## [SUPPLIED INFORMATION]
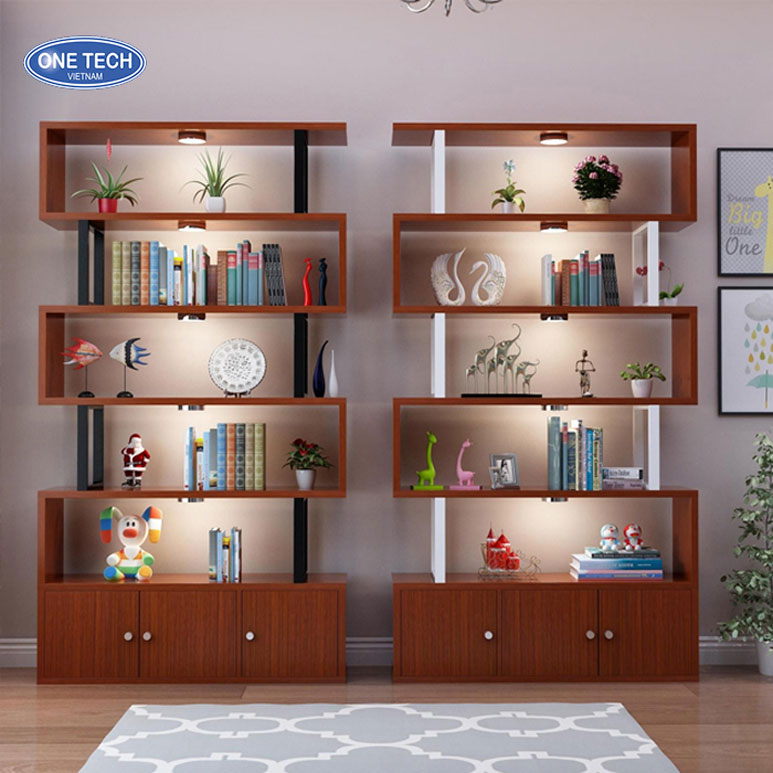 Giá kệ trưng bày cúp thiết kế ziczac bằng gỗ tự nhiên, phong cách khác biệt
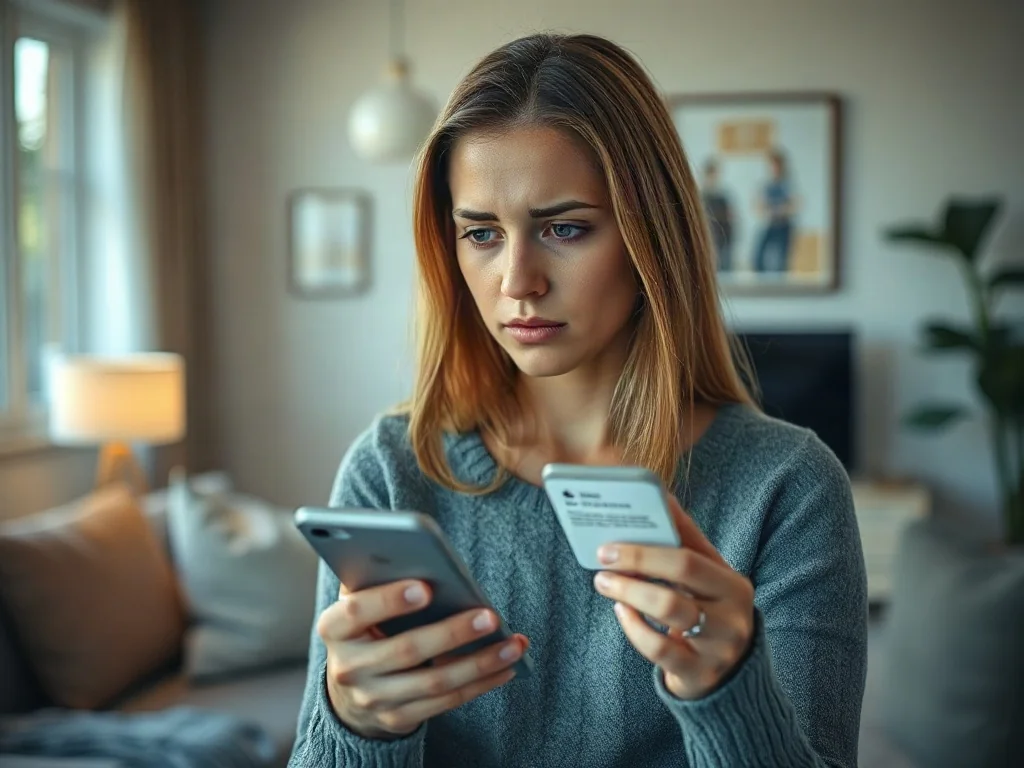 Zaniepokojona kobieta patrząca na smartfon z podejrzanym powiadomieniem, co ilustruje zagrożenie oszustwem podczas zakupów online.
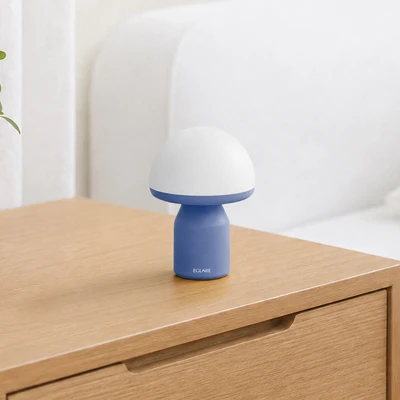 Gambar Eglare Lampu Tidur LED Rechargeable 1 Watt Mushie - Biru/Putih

## [EXERCISE]
What you output must be exactly the lines from the line with "Zaniepokojona kobieta patrząca" through the last line of the listing, pictures excluded.

## [WRITTEN REPLY]
 Zaniepokojona kobieta patrząca na smartfon z podejrzanym powiadomieniem, co ilustruje zagrożenie oszustwem podczas zakupów online.
 Gambar Eglare Lampu Tidur LED Rechargeable 1 Watt Mushie - Biru/Putih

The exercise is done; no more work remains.